### ASSIGNED TASK
Copy all the data exactly, except the pictures.

### DATASET EXCERPT
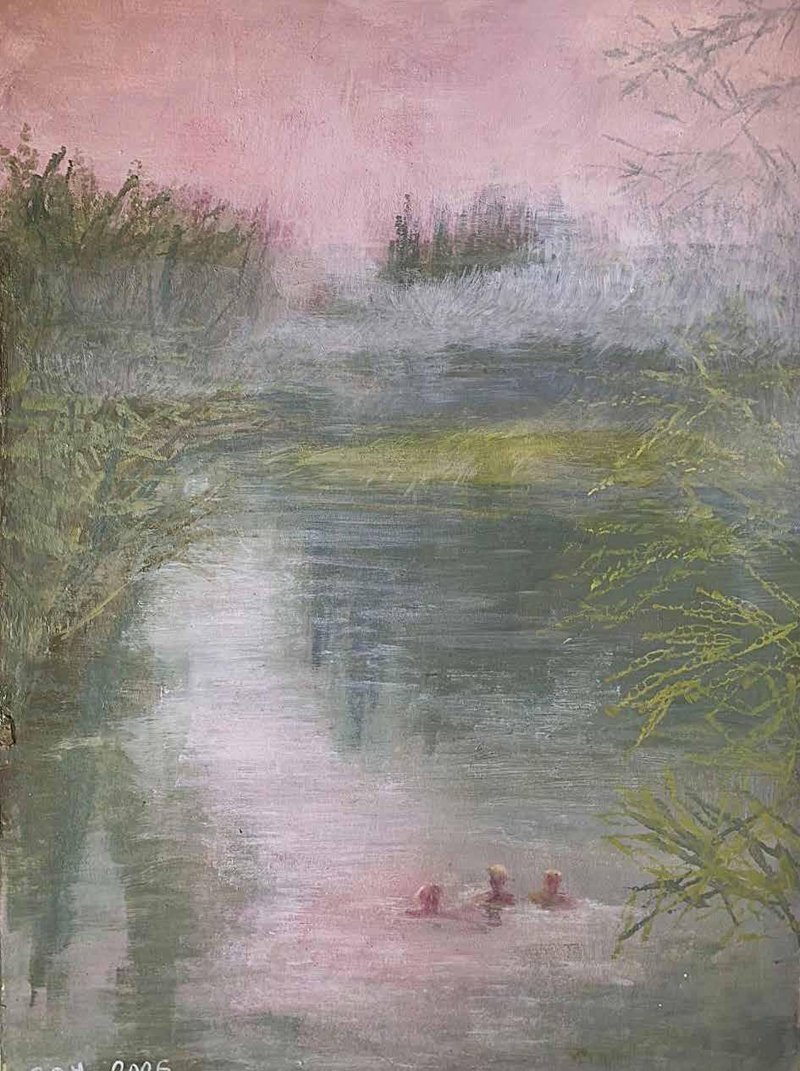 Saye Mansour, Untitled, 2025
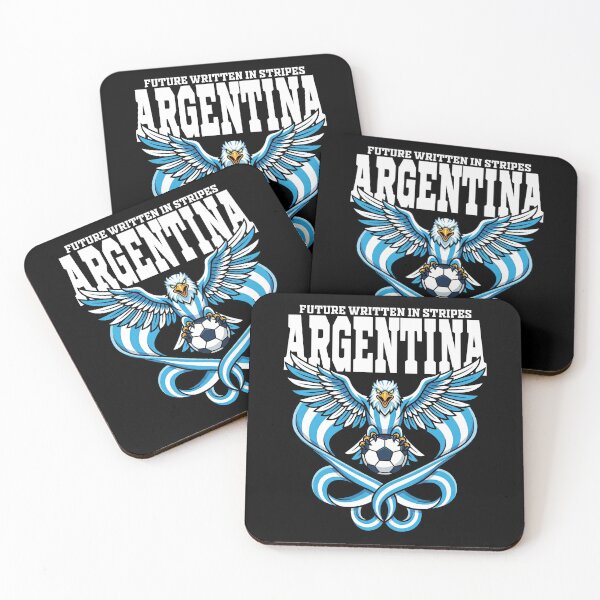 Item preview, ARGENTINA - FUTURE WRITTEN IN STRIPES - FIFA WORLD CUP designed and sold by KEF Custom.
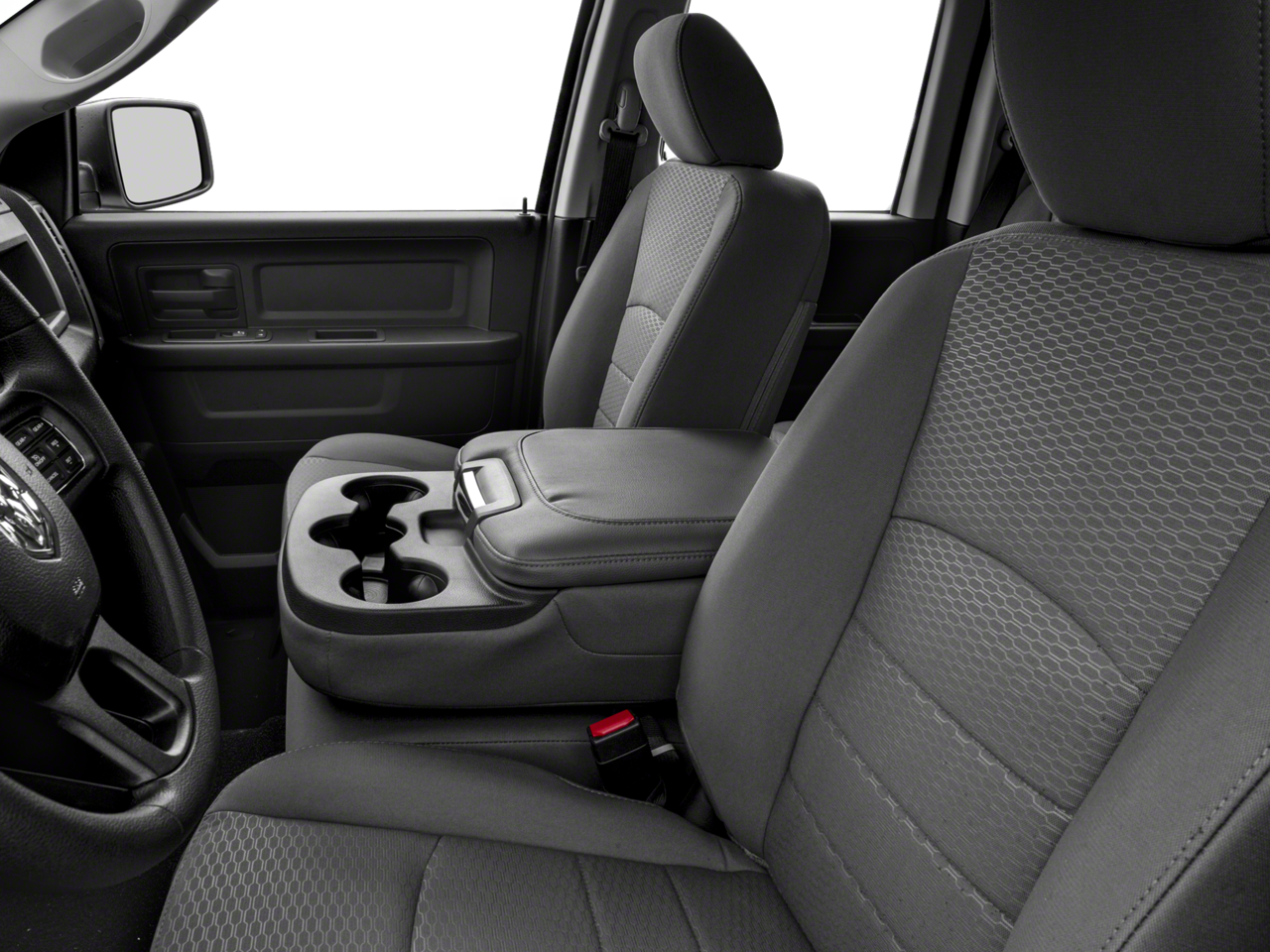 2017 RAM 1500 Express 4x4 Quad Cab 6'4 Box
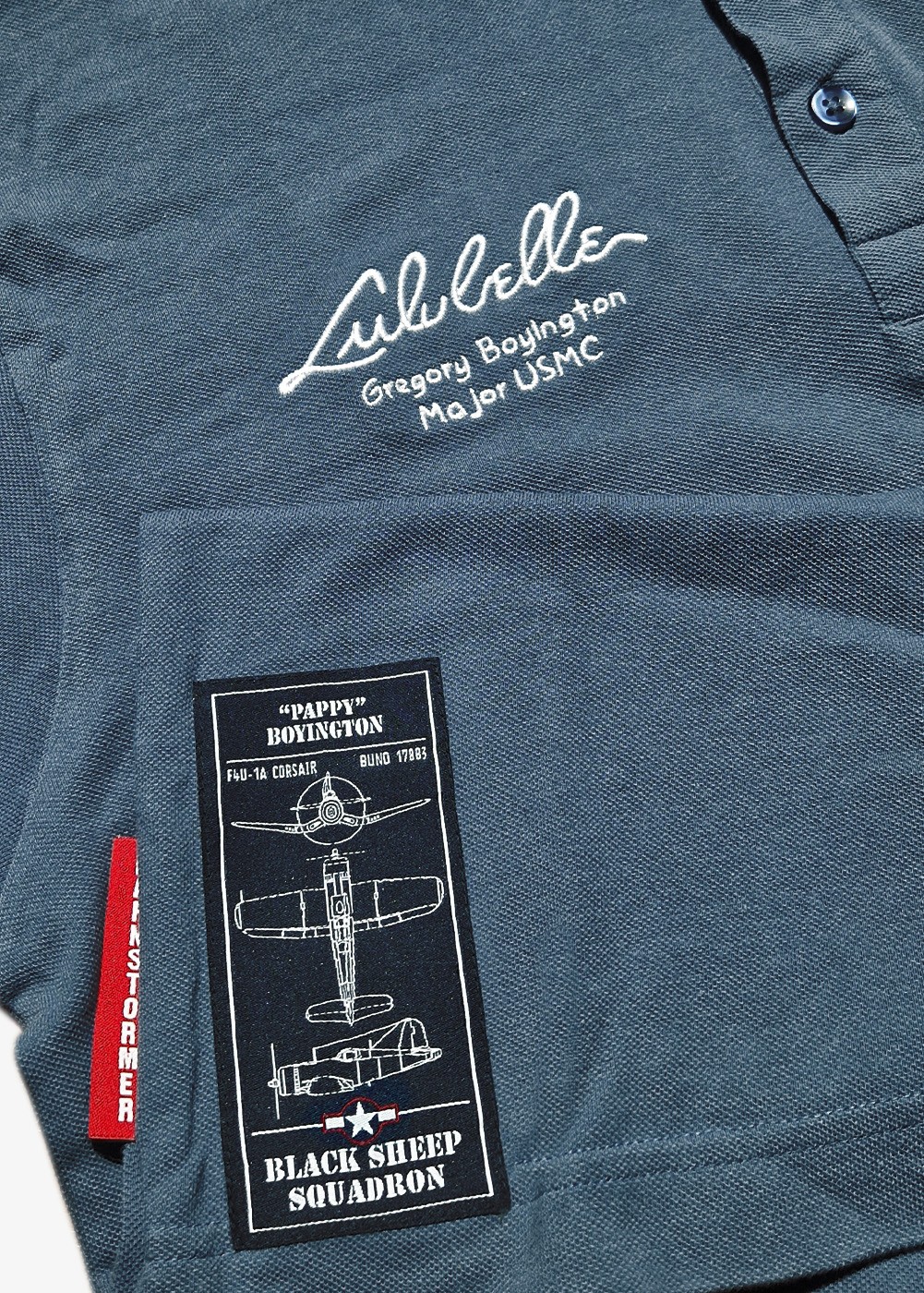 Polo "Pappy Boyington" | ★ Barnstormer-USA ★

### SOLUTION TO THIS TASK
 Saye Mansour, Untitled, 2025
 Item preview, ARGENTINA - FUTURE WRITTEN IN STRIPES - FIFA WORLD CUP designed and sold by KEF Custom.
 2017 RAM 1500 Express 4x4 Quad Cab 6'4 Box
 Polo "Pappy Boyington" | ★ Barnstormer-USA ★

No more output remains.